■ INFORMATION SHOWN:
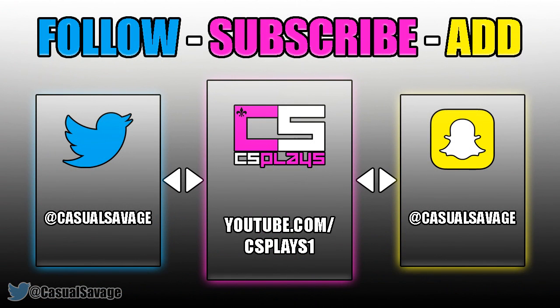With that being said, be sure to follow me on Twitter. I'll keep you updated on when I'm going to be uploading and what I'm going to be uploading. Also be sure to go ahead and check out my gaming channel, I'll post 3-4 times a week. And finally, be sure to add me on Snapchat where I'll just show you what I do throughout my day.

--

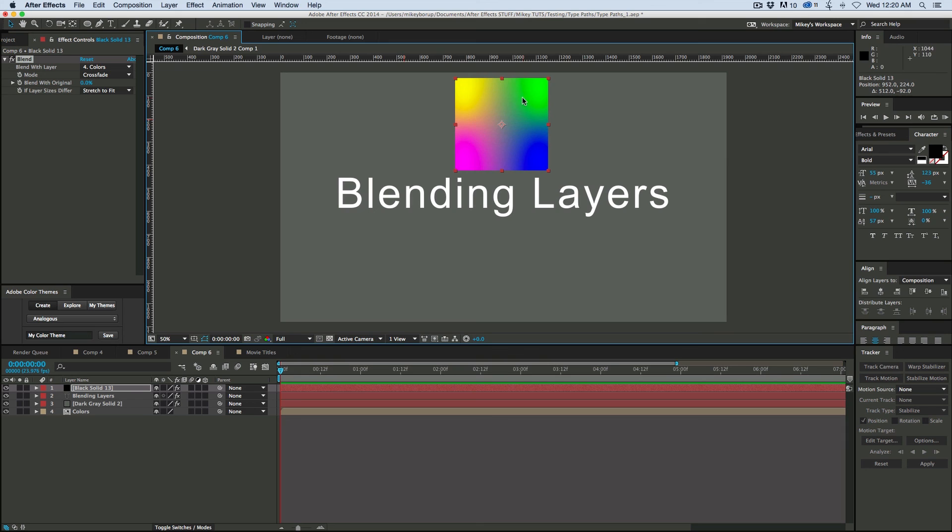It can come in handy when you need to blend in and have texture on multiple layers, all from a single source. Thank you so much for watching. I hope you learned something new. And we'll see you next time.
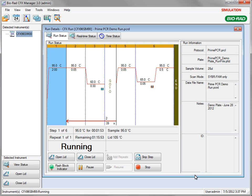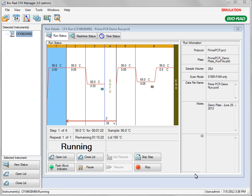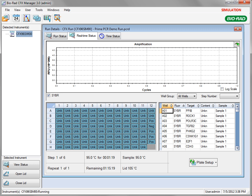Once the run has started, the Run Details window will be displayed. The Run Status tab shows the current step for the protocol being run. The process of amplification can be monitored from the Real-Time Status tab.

---

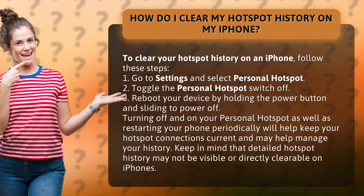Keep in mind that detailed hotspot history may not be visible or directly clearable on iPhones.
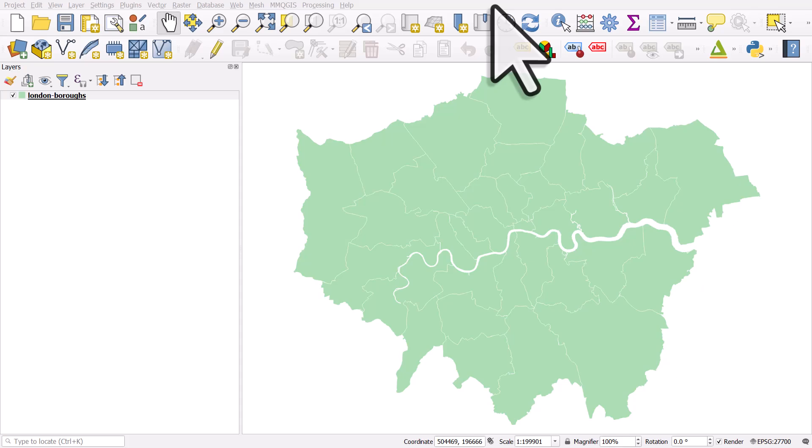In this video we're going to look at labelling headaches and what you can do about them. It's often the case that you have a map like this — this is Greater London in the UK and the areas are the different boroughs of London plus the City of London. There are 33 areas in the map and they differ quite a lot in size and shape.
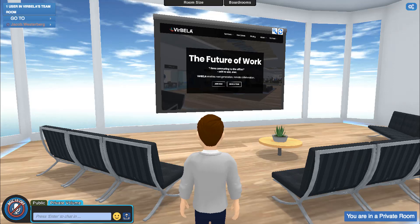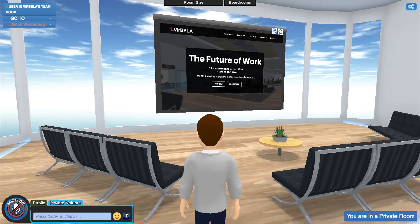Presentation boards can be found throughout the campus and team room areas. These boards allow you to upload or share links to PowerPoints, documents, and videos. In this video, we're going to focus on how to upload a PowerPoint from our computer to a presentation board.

■ PROMPT:
Output exactly the lines above, from the line with "It can come" to the line with "Once the run", both included; skip the pictures.

■ RESPONSE FOR THIS EXERCISE:
It can come in handy when you need to blend in and have texture on multiple layers, all from a single source. Thank you so much for watching. I hope you learned something new. And we'll see you next time.
Once the run has started, the Run Details window will be displayed. The Run Status tab shows the current step for the protocol being run. The process of amplification can be monitored from the Real-Time Status tab.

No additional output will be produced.